Wits/SAMRC Antiviral Gene Therapy Research Unit
Welcome to the Antiviral Gene Therapy Research Unit (AGTRU) of the University of the Witwatersrand and South African Medical Research Council (SAMRC)
Investigation by the AGTRU team is focused on countering viral infections that cause serious health problems in South Africa. The long term objectives of AGTRU are to
- advance gene therapy for treatment of viral infections
- develop human capacity in the field through the training of young scientists
- translate the unit’s technologies into products
Discovery of the RNA interference (RNAi) pathway and advances in the engineering of sequence-specific nucleases have provided the means for powerful and specific disabling of genes. These advances led to considerable enthusiasm for use of gene therapy to counter viral infections, such as are caused by persistence of hepatitis B virus (HBV) and human immunodeficiency virus type 1 (HIV-1). The focus of the AGTRU has been on optimising use of RNAi activators and transcription activator-like effector nucleases (TALENs) to inhibit viral proliferation. Development of suitable vectors for delivery of antiviral sequences to infected cells is also an active field of investigation within the unit.
Support and Partnerships
Research activities are generously supported by South African and International funding agencies. South African and international partnerships have been established, and these are an important contributor to the group’s resource base.

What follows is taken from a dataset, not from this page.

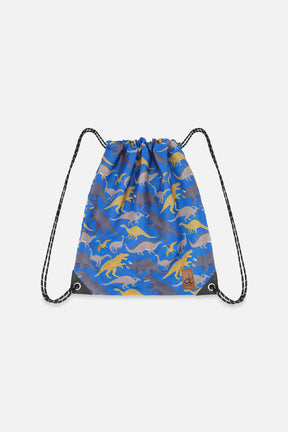 Drawstring Bag Blue Dinosaur Print-0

The unit currently has approximately 20 members and these include molecular biologists, clinicians and postgraduate students. There are four tenured university appointees in the unit and the director is Professor Patrick Arbuthnot. AGTRU is equipped as a modern molecular biology research laboratory and has expertise in a range of techniques. These are advanced methods of nucleic acid manipulation, gene transfer to mammalian cells, use of lipoplex and recombinant viral vectors. AGTRU is set up to investigate efficacy of antiviral compounds in vivo in murine (e.g. HBV transgenic mice) and cell culture models of viral replication.